◆ **WHAT YOU WILL DO**:
Write out the records that appear below, verbatim and complete, but without pictures.

◆ **DATA FOR ANALYSIS**:
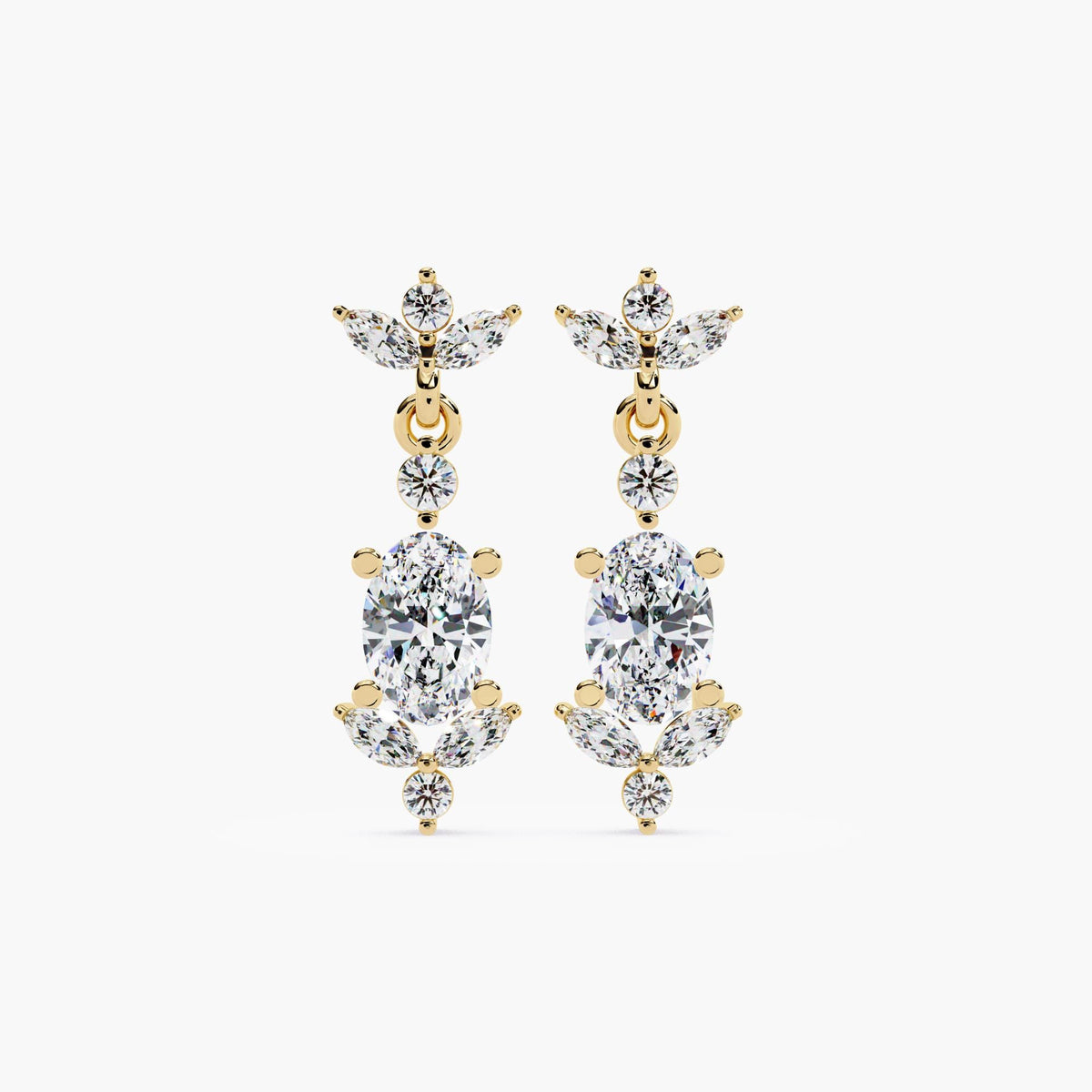 May include: A pair of gold dangle earrings with oval-shaped diamonds. Each earring has a cluster of smaller diamonds surrounding the larger diamond. The earrings have a delicate, feminine design.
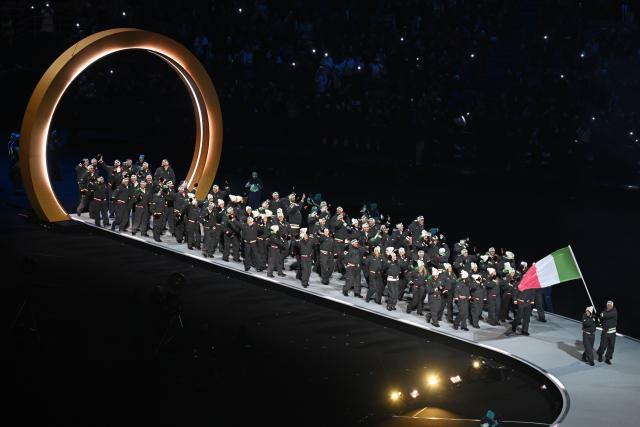 (260207) -- MILAN, Feb. 7, 2026 (Xinhua) -- The delegation of Italy parades into the San Siro Olympic Stadium during the opening ceremony of the Milan-Cortina 2026 Olympic Winter Games in Milan, Italy, Feb. 6, 2026. (Xinhua/Cheng Min)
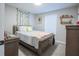 Inviting bedroom showcasing neutral tones, soft carpet, and comfortable furnishings at 3981 Rocmar Dr, Snellville, GA 30039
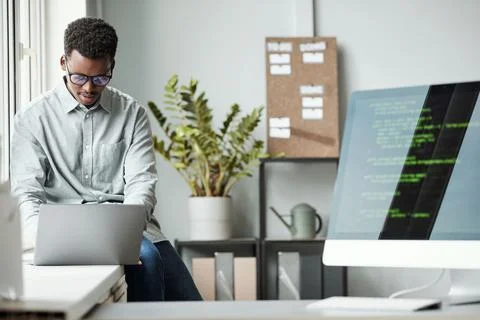 Young Software Developer in Office Stock Photos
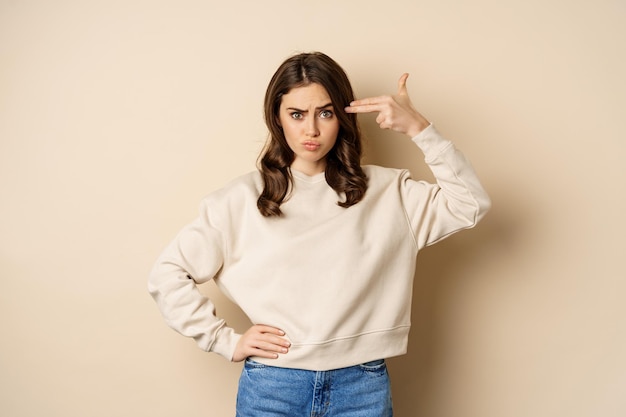 Woman showing finger pistol gesture over her head, being bothered and annoyed, standing over beige background.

◆ **ANSWER FOR THIS EXERCISE**:
 May include: A pair of gold dangle earrings with oval-shaped diamonds. Each earring has a cluster of smaller diamonds surrounding the larger diamond. The earrings have a delicate, feminine design.
 (260207) -- MILAN, Feb. 7, 2026 (Xinhua) -- The delegation of Italy parades into the San Siro Olympic Stadium during the opening ceremony of the Milan-Cortina 2026 Olympic Winter Games in Milan, Italy, Feb. 6, 2026. (Xinhua/Cheng Min)
 Inviting bedroom showcasing neutral tones, soft carpet, and comfortable furnishings at 3981 Rocmar Dr, Snellville, GA 30039
 Young Software Developer in Office Stock Photos
 Woman showing finger pistol gesture over her head, being bothered and annoyed, standing over beige background.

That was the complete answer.